Dungeon Lords Previews

A whole fistful of hands-on previews for Heuristic Park's Dungeon Lords have made their way to the web. The first is at Gameplanet:
Dungeon Lords will be loaded with quests, personal missions, extensive skills and special abilities for customising your own character hero from a variety of races and multiple class specialisations. The game world will include ancient castles, dark forests, and dungeon lairs and heaps of NPC characters to interact with. It's been a while since we have seen a game from Bradley but by the way it is looking it has been worth the wait.

The second is at Gaming Nexus:
Melee combat is a simple matter of equipping one or two of the myriad weapons available, and left-clicking on the enemy. Different weapons have various fighting patterns, and multiple clicks will bring about fighting combos. I'm not sure if these combos are anything more than aesthetic, but they look quite nice. In addition to hacking away, a shield can be brought to bear with a simple right-click, so many fights are circling dances of dodge, block, and strike. While not incredibly deep, the complexity is a step up from most games in the genre.

The third is at Game Chronicles:
Your character begins the game with fairly modest skills and stats based on which race and class you choose, but you can customize that a bit even right at startup. There are six races to choose from, humans (male or female), elves (male or female), dwarves, urgoths, and wylvan. The first three are about what you would expect, while the urgoths reminded me of an "orc" from other games, a big hulking brute, and the wylvan is a feline race with high stats in dexterity and agility. Your choice of class is one of fighter, rogue, mage, or adept. Your race and your class determine what you're able to do at the start of the game and also make it cheaper for you to choose skills that fit that class, but you are not barred from any skill that would fall under the other classes, you can do everything if you spend enough of your experience points on it.
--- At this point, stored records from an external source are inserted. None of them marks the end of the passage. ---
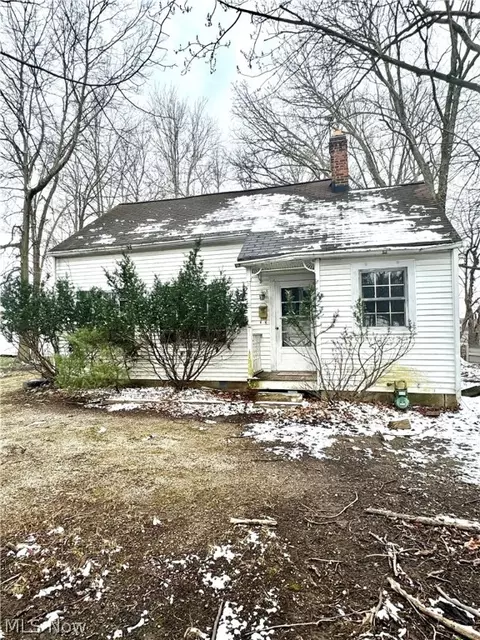 2240 Walter Rd, Westlake, OH 44145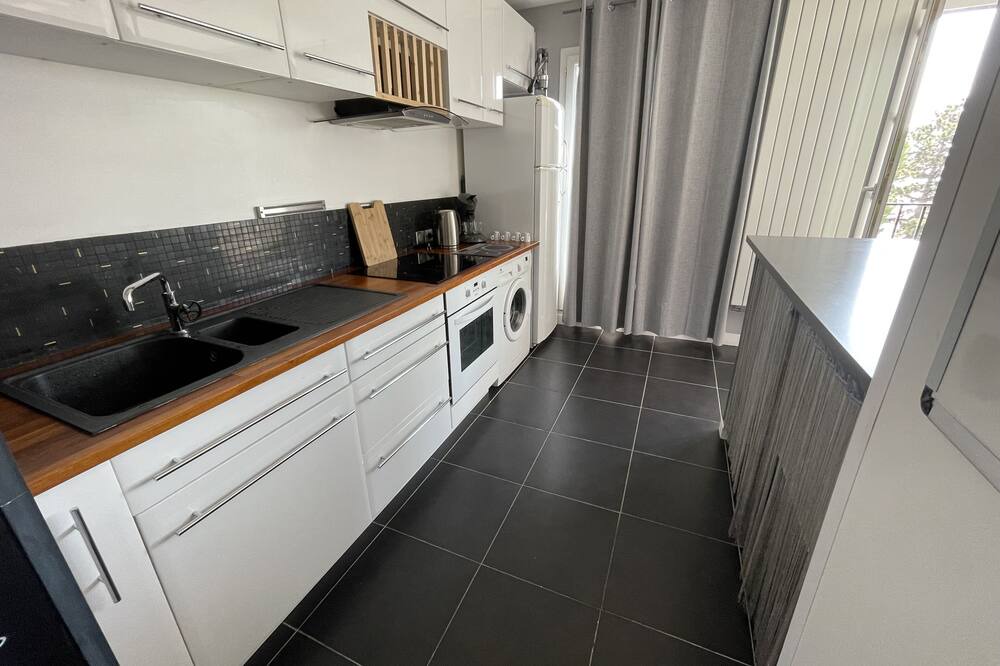 Photo of Kitchen in Graville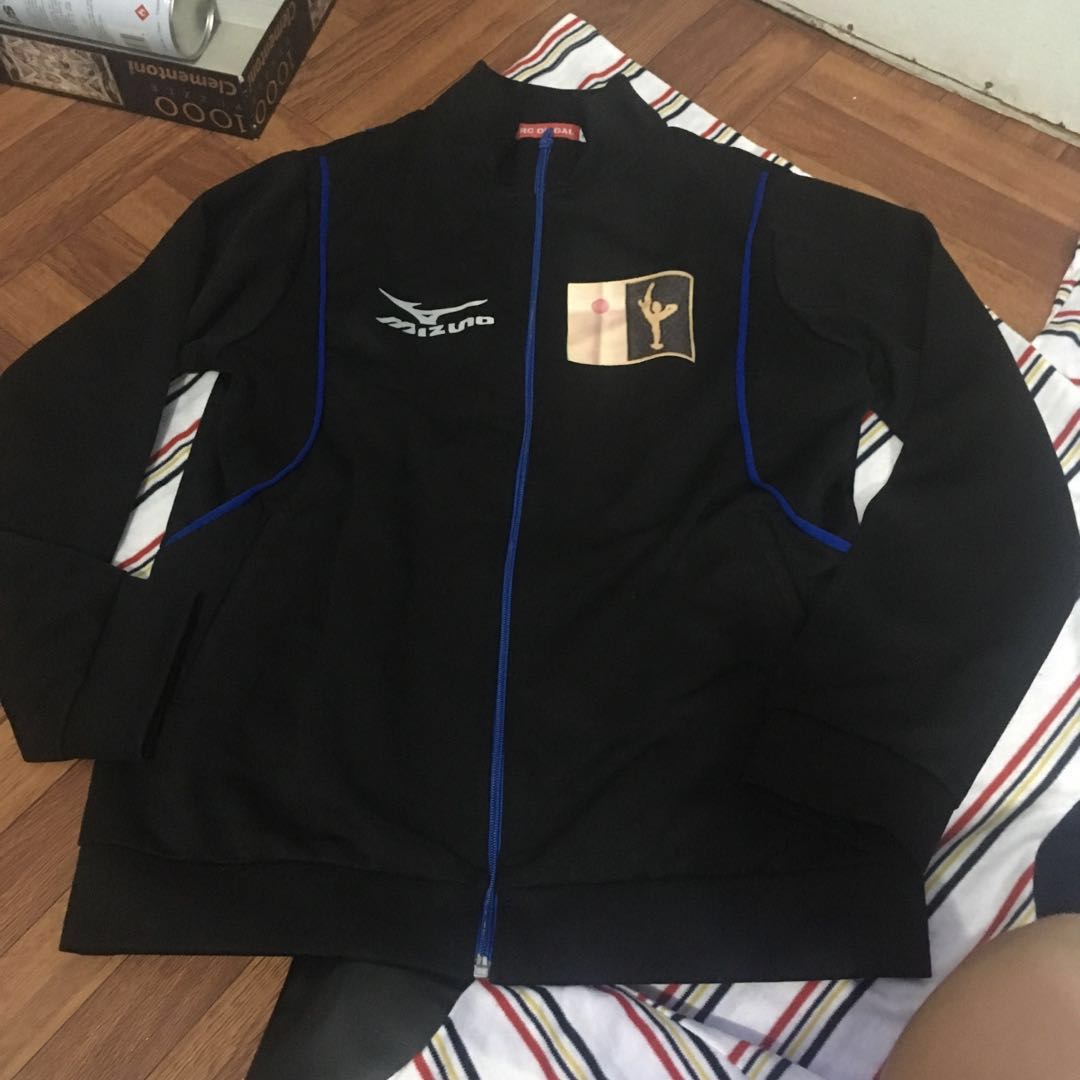 Mizuno x yuri sale on ice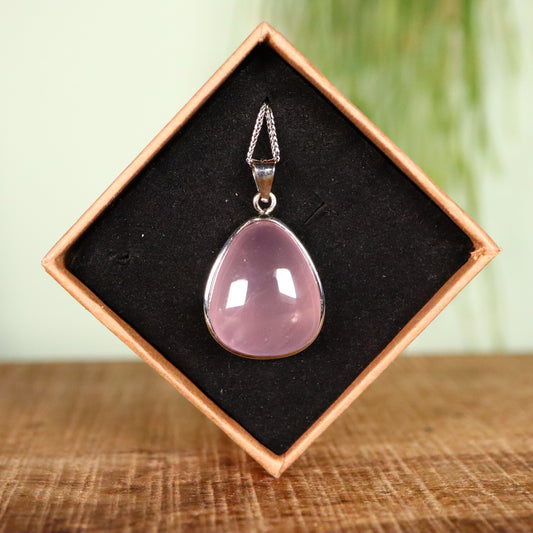 Rozenkwarts hanger 915 zilver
And the fourth is at Game Vortex:
Dungeon Lords uses real-time combat instead of the role-playing tradition of turn-based. This means that you don't have time to sit and ponder your next attack. You have to hit your enemies fast and hard if you are going to survive. Though the game uses a 3rd-person perspective, the controls scheme is based off of the 1st-person PC layout. You move your character with the W, S, A, and D buttons and aim/look with the mouse. This scheme lends itself well to the game's setup and makes it easy to just jump in and start playing the game.